おやつの持ち込みで特に問題なのが、持病で食べさせてはいけないよその犬も、口にしてしまうおそれがあること。
食べカスが落ちていれば、どれだけ気をつけていても防ぎきれません。
不衛生なだけでなく、何を口にしたか確認できないため、後で体調を崩しても原因が特定できません。
対策
様々な気質の犬がいるドッグランで、おもちゃで遊ぶのはそもそもNG。
このことへの認識が薄い人が多いようです。
同様に、自分の犬、よその犬におやつをあげるのもNG。
おやつを携帯する時は、しっかりした袋やトリーツ缶などに入れる、おやつの入ったバッグをベンチの上などに放置しないこと。
ヒート(発情)中のメスを入れる
理由
- オス同士の流血の大げんか
- 望まない妊娠
オスはヒート中のメスのフェロモンに反応して発情します。
犬の発情は子孫を残すためですから、オスどうしの命をかけた闘いに発展するのは当然のこと。
よほど訓練されていなければ、飼い主の制止も耳に入りません。
去勢したオスでもヒートには反応する子もいます。
対策
♀オーナーさんへ :
自分の犬のヒートのタイミングをきちんと把握して、その間はドッグランには入れないこと。
望まない妊娠を防ぐと同時に、他の犬達への思いやりでもあります。
♂オーナーさんへ :
自分の犬がやたらと執着している♀犬がいたら、引き離し、相手の飼い主にヒート中か確認しましょう。

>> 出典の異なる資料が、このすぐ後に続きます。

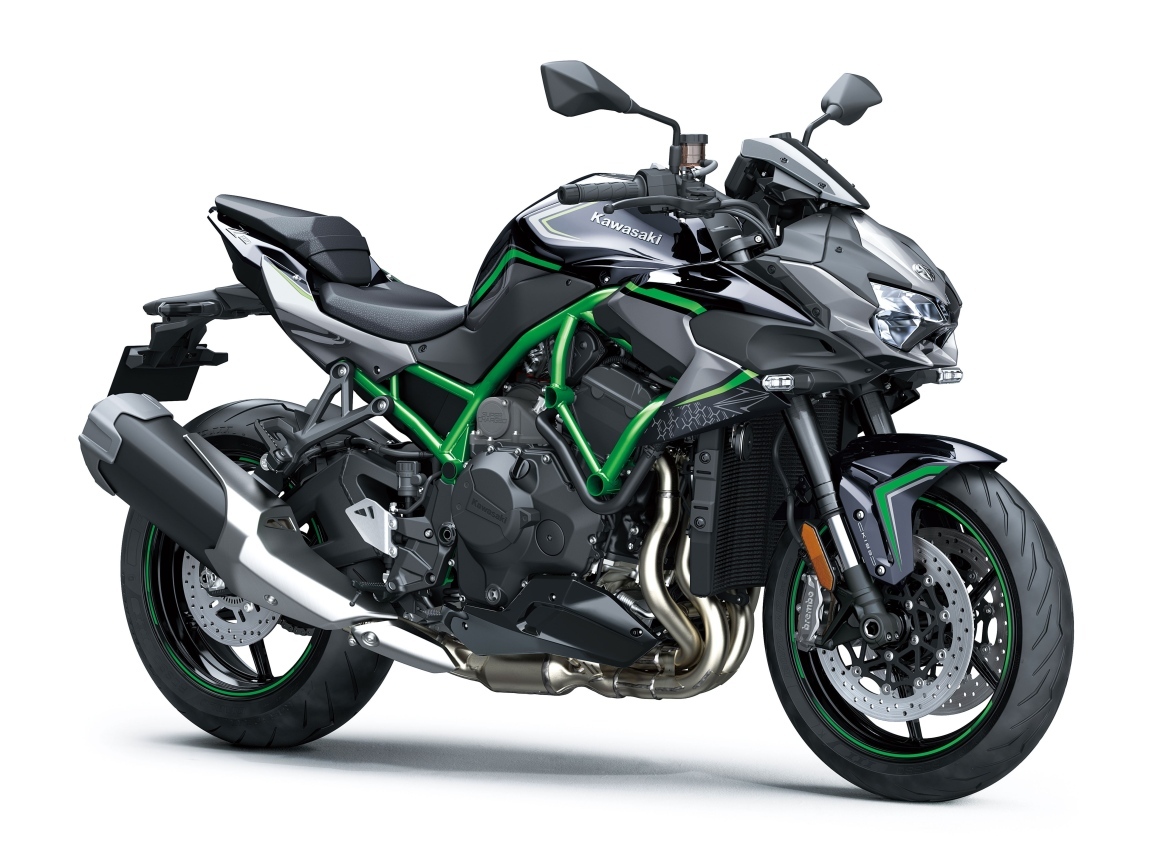 Тяжелый мотоцикл Kawasaki Z H2 SE  на белом фоне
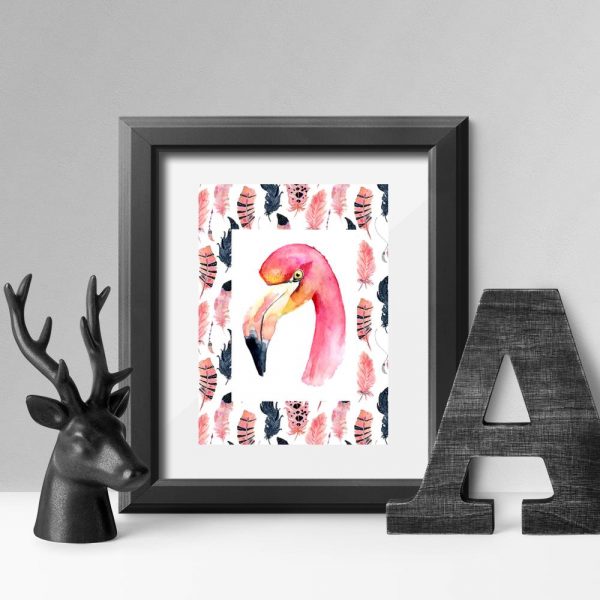 plakat z różowym flamingiem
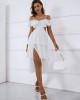 Vacation A-Line Solid Color Patchwork One-Shoulder Maxi Dress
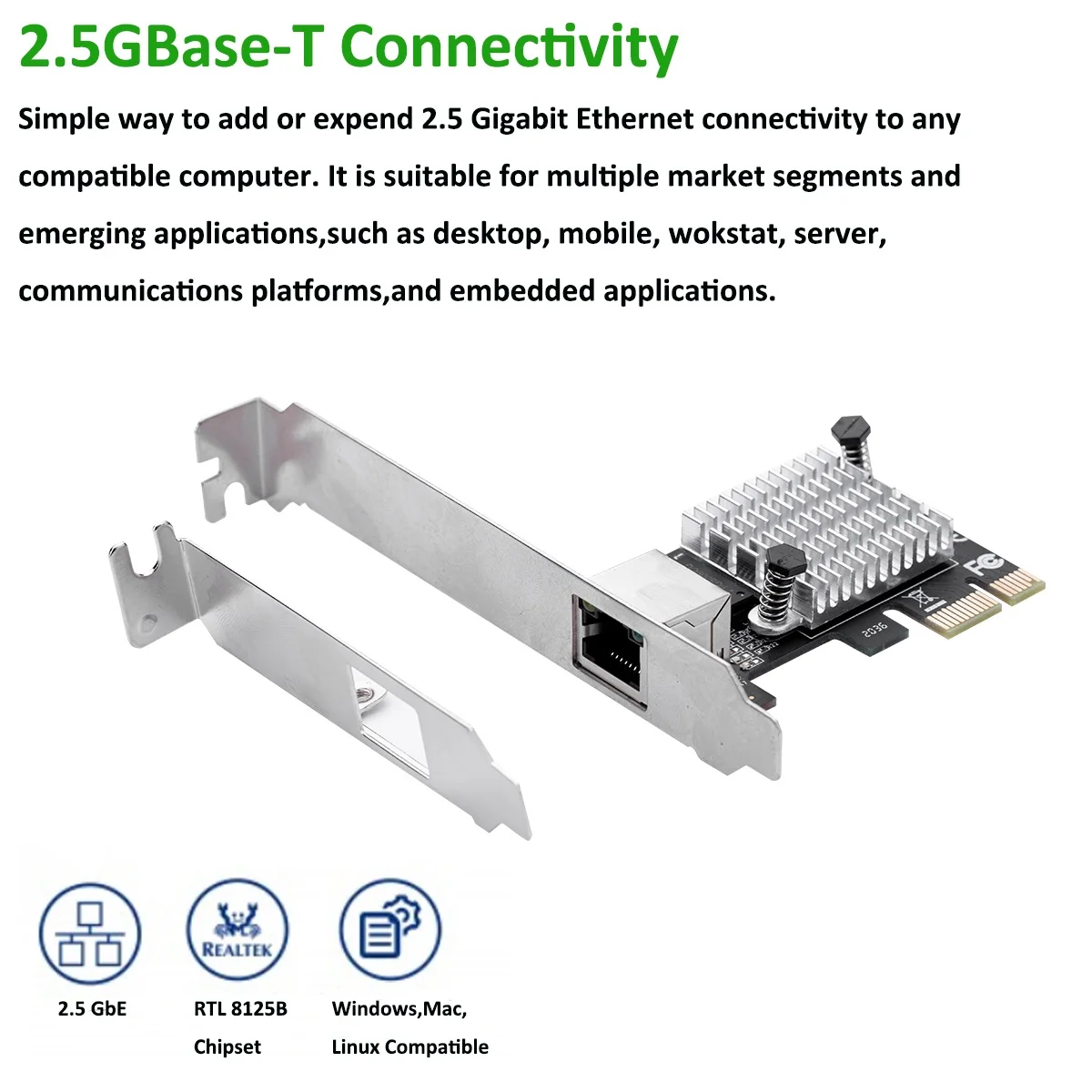 IOCREST 2.5GBase-T Gigabit Network Adapter with 1 Port 2500Mbps PCIe 2.5gb Ethernet Card RJ45 LAN Controller Card network adapter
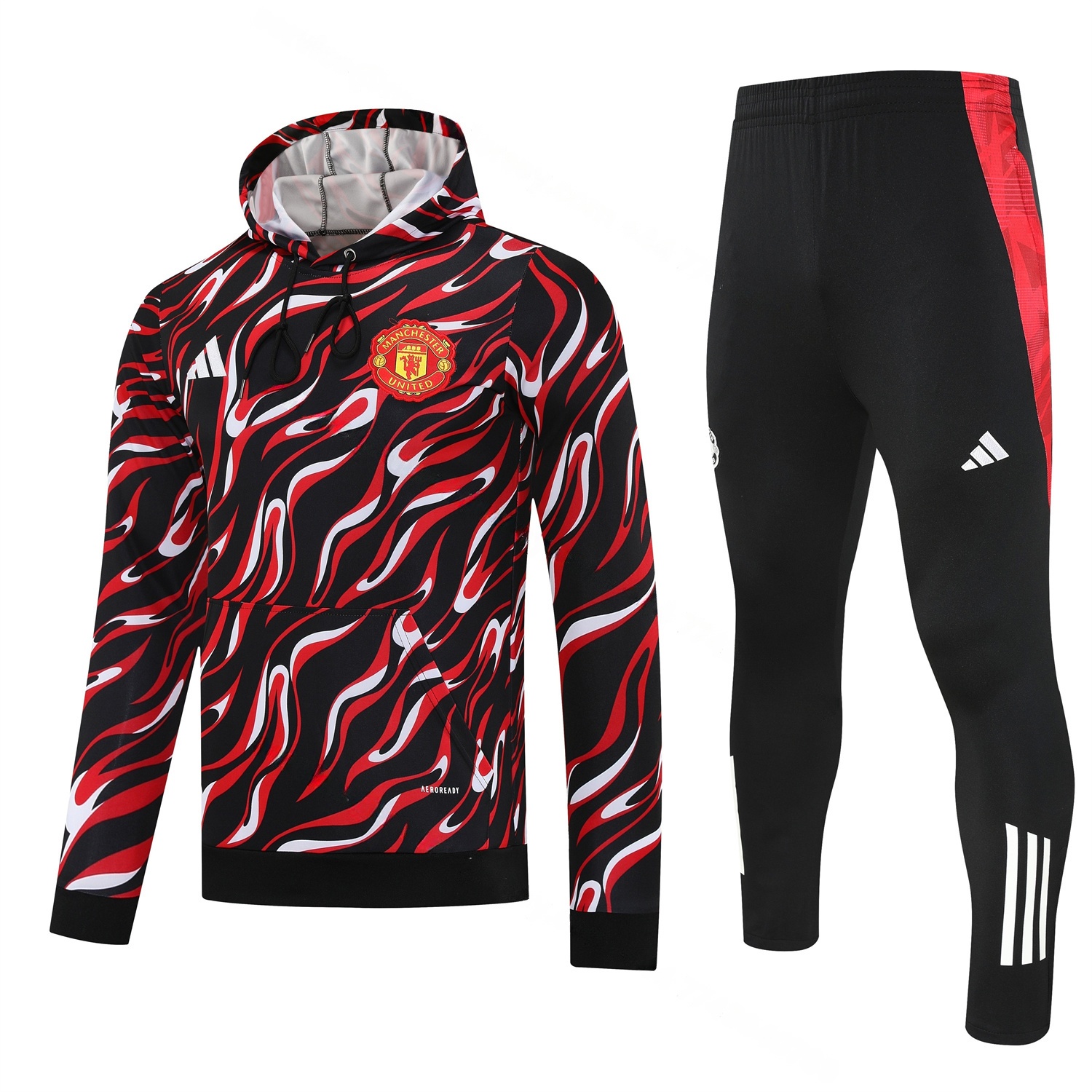Manchester United 25-26 Traning Hoodie Set - Flowing Red Hoodie With Black Pants - JerseysGala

初めて犬を飼うなど飼い主自身が♀の生理を理解していないこともあるので、その場合は、きちんと理由を説明して退場を促しましょう。
特定の犬への執着やマウント行動を放置する
理由と対策
特にオスどうしに見られるマウントはトラブルになりがちです。
去勢したオスが執着の対象になりやすいようですが、そのオスを巡って、他のオス同士が喧嘩に発展することも多々ありますし、追いかけられている側がキレて大げんかになることもあります。
そうなる前に、飼い主は愛犬を相手の犬から引き離す、または間に割って入り止めることです。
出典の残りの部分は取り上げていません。